This course provided a comprehensive foundation in the mathematical principles essential for machine learning and artificial intelligence. I gained a deep understanding of how random variables are described and how the chain rule is applied in machine learning contexts. The course covered probability and information theory, including random variables, chain rule of conditional probabilities, and properties of mathematical functions commonly used in machine learning.
I explored topics from linear algebra that are essential for machine learning tasks, learning how to work with vectors, matrices, and their operations. The course also covered numerical computations including gradient descent and constrained optimization, which are fundamental techniques for training machine learning models.

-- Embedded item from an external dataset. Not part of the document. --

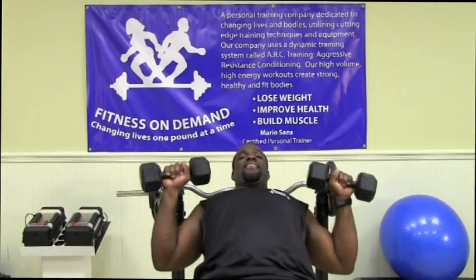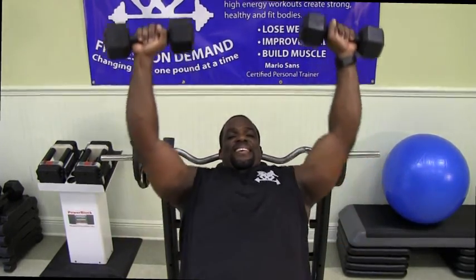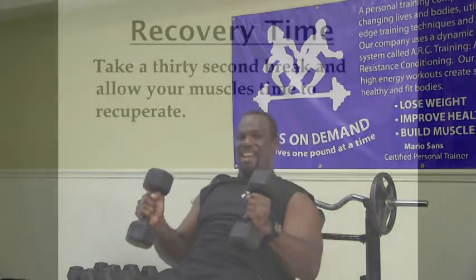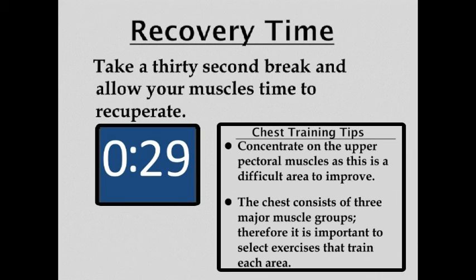All right, let's go ahead and work our chest muscles. We're going to start off with an incline bench press. Let's begin — and press. Awesome job, all right, let's go.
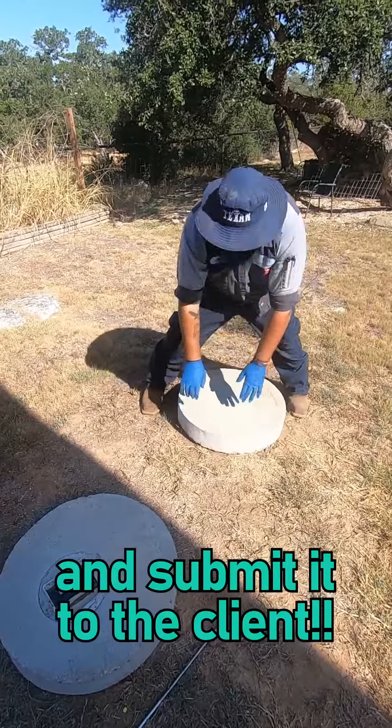Next is an alarm test. We notice one of the lights has a burned out socket, so we let the client know that we'll be back out here to replace it. The final step is to close everything up, fill out the report, and submit it to the client.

Key concepts I mastered include maximum likelihood estimation, regression techniques, classification evaluation, and dimensional reduction techniques. I also gained knowledge in Mathematical Game Theory and Markov chains, understanding how these concepts apply to AI systems and decision-making processes.
The course emphasized developing time-dependent, deterministic, and stochastic state space functions, which are crucial for modeling dynamic systems in AI. Through practical exercises, I learned to identify and develop solutions for Mathematical Game Theory problems and to work with dynamical systems including time-dependent functions, deterministic and stochastic state spaces, and evolution rules.
This course has equipped me with the mathematical foundation necessary to understand, implement, and optimize machine learning algorithms, providing the theoretical background needed for advanced AI research and development.